Publié en ligne le 2 décembre 2020 - Science et médias -

Le documentaire « Hold-up » traitant de la pandémie de Covid-19 défraye la chronique. Issu d’un financement participatif initié au début de l’été et lancé le 11 novembre 2020 sur des plateformes de vidéo en ligne, il a été visionné des millions de fois. La presse a été quasi unanime pour dénoncer des propos conspirationnistes. Et effectivement, les thèses conspirationnistes ne font aucun doute : projet mondial visant à éliminer la partie la plus pauvre de l’humanité, virus conçu pour contrôler les populations, la « big pharma » et les États à l’œuvre pour interdire le traitement miracle que serait l’hydroxychloroquine et imposer à la place des médicaments inefficaces rendant ainsi indispensables les vaccins, etc. Le complotisme est une posture qui exploite une tendance à rejeter les « théories officielles » et cherche à cristalliser une certaine défiance vis-à-vis des autorités au profit d’un cadre interprétatif suggérant des forces occultes à l’œuvre. Ainsi, « Hold-up » joue de l’insinuation, de la suggestion, évoque sans toujours l’expliciter un mélange de fausses informations avec des faits réels mais présentés de façon partielle ou hors contexte.

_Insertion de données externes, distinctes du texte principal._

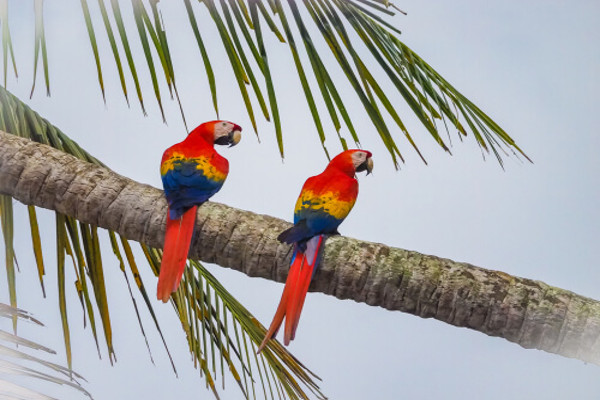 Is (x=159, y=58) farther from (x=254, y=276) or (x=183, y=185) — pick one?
(x=254, y=276)

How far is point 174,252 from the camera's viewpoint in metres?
1.85

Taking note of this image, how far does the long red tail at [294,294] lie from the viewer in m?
1.78

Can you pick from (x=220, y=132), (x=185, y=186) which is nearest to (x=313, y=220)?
(x=185, y=186)

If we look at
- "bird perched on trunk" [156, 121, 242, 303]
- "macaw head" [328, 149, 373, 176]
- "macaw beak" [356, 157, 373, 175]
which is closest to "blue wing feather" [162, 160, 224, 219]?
"bird perched on trunk" [156, 121, 242, 303]

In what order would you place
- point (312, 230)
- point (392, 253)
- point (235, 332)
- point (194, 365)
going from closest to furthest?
point (392, 253) → point (312, 230) → point (194, 365) → point (235, 332)

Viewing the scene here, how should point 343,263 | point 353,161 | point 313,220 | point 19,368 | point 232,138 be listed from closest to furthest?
point 19,368, point 343,263, point 313,220, point 353,161, point 232,138

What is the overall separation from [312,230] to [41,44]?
937mm

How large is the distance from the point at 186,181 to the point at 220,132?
52 cm

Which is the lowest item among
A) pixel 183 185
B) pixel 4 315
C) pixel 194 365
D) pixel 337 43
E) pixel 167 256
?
pixel 194 365

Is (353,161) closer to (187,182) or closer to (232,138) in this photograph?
(232,138)

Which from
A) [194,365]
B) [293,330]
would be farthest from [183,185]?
[194,365]

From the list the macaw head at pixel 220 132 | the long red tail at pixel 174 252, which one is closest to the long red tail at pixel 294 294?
the long red tail at pixel 174 252

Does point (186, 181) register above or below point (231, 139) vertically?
below

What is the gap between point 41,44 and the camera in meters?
1.83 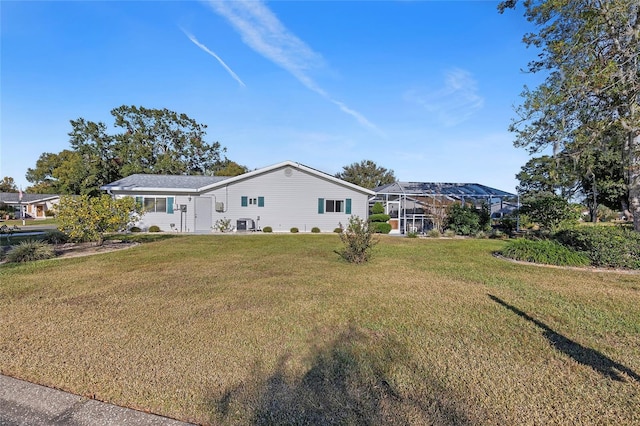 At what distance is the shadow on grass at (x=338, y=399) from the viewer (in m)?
2.18

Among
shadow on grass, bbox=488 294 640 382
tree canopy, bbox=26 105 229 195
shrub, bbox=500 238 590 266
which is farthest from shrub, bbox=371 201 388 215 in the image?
tree canopy, bbox=26 105 229 195

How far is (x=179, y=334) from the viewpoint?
11.8ft

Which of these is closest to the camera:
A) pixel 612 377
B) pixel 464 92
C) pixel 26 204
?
pixel 612 377

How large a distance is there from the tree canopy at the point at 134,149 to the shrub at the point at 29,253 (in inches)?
1045

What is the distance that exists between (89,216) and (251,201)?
32.6 feet

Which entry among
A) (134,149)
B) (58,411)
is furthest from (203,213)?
(134,149)

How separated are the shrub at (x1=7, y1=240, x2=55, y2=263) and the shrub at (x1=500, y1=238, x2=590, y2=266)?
520 inches

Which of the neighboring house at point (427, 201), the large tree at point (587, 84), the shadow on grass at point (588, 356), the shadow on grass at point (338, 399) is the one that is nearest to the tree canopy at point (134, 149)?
the neighboring house at point (427, 201)

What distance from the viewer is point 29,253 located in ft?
27.8

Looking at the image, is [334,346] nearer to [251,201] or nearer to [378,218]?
[378,218]

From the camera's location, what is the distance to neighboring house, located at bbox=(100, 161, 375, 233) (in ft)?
61.8

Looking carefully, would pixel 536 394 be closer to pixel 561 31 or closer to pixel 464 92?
pixel 561 31

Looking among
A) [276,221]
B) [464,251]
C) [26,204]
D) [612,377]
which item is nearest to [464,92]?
[464,251]

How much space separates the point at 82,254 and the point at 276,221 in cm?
1127
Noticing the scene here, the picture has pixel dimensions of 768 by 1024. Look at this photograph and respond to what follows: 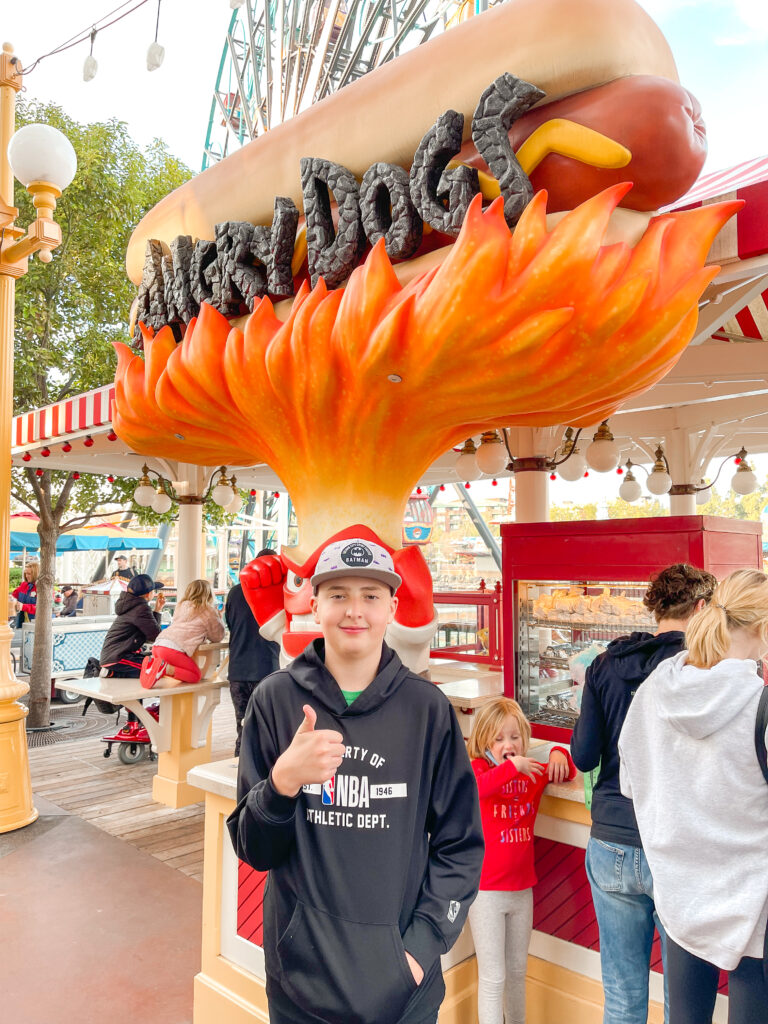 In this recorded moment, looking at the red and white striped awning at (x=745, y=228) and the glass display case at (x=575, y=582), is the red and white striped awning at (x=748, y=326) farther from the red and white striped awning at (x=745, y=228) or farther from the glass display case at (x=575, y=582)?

Pour faire passer son message, le documentaire fait largement appel à des témoignages d’« experts » autoproclamés et sans légitimité particulière sur le sujet, à des scientifiques en marge de leur communauté ou à des personnes sans compétence identifiée mais exprimant un supposé « bon sens » sur la pandémie et sa gestion. Les innombrables contrevérités véhiculées par le documentaire ont été exposées dans les médias et par des vidéastes vulgarisateurs scientifiques (voir par exemple [1]). Les Académies des sciences, de médecine, de pharmacie et des technologies ont également publié un communiqué commun dénonçant un « bric-à-brac d’inepties » et mettant en garde «  contre la fausseté des informations ainsi propagées » et dont les conséquences sont « de nature à compromettre le fondement rationnel des actions de santé publique nécessaires pour le contrôle de la pandémie en cours » [2]. Les ressorts narratifs et psychologiques utilisés ont été analysés (voir par exemple [3,4]). Enfin, la diffusion virale du documentaire a exploité ce que le sociologue Gérald Bronner décrit sous l’expression de « marché dérégulé de l’information » où « la désinformation, qu’elle soit intentionnelle ou inconsciente, a trouvé avec Internet un puissant moyen d’amplification » [5].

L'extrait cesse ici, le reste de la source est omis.